Magie acquired a patent for her game in 1904, but it was not manufactured until 1910, which is when the streets and landmarks were added, though these were mostly taken from Chicago and New York, not Atlantic City. By then, the rules more closely resembled the modern game, but Magie intended that each roll of the dice be seen not as an investment opportunity, but a rent obligation. Trespassing on "Lord Blue Blood's Estate" will land one in prison, while a failure to pay a rent will put you in the poorhouse. And the ubiquitous "Go" was instead an exaltation of labor: "Labor Upon Mother Earth Produces Wages."
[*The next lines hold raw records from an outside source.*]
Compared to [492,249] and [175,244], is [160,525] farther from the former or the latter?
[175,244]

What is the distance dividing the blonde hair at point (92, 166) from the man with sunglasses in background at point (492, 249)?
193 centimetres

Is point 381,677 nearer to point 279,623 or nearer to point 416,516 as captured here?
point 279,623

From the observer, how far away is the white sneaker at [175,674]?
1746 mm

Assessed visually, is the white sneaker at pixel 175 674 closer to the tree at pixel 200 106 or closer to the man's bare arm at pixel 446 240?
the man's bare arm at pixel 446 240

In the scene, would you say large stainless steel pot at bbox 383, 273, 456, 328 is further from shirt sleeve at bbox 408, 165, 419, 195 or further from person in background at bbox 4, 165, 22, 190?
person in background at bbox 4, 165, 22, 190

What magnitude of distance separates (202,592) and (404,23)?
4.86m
The game clearly looks like what we all know as today's "Monopoly," but the evolution from "The Landlord's Game" to the game allegedly created by Charles Darrow in 1935 is unclear. That year, Parker Brothers bought the rights to Magie's game for $500 in order to eliminate any competing claims to ownership of their new product. As part of the agreement, the company had to produce and market her original game alongside their new celebration of capitalism. To see the progression from Magie's game to Monopoly, see here, which includes complete game boards and rules for each version; also, check out University of Alabama law professor Alfred Brophy's blog entry on the subject.
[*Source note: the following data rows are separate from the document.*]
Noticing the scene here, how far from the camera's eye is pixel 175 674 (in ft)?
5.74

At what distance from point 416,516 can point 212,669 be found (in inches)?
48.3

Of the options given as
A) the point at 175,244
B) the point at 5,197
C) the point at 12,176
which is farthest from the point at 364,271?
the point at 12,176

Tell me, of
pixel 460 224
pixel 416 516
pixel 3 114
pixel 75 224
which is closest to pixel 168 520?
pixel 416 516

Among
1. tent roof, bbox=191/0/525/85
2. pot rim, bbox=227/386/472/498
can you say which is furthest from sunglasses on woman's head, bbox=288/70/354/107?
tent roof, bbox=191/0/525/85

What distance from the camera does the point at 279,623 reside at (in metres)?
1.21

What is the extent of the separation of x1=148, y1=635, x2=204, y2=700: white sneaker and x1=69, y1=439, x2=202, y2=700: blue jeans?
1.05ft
I have contacted a few "Monopoly" collectors in an effort to find some version of "The Landlord's Game," but they told me that copies are extremely rare and only come up for auction on occasion. There are no known reproductions of the game since it was discontinued in 1939, but luckily, we do have complete rules and boards for nearly every version of the game, so I think I will make my own, and I would encourage you to do the same. The original rules are here, the first game board here, along with all the necessary pieces (which you will have to make yourself, and you may have trouble finding the various game cards), or you can try your hand at the 1910, 1924, or 1939 versions.
If you are interested in learning more about Henry George's ideas, his adherents remain as dedicated as ever, maintaining the Henry George Institute, where many of his works are available online. If the robber baron ethic or socialist experimentation of the 1920's and 30's don't appeal to you, you can try your hand at another Monopoly-like game for the present day, the online "Bailout Game," in which you decide which banks get TARP money while trying to keep the Dow up and recession at bay.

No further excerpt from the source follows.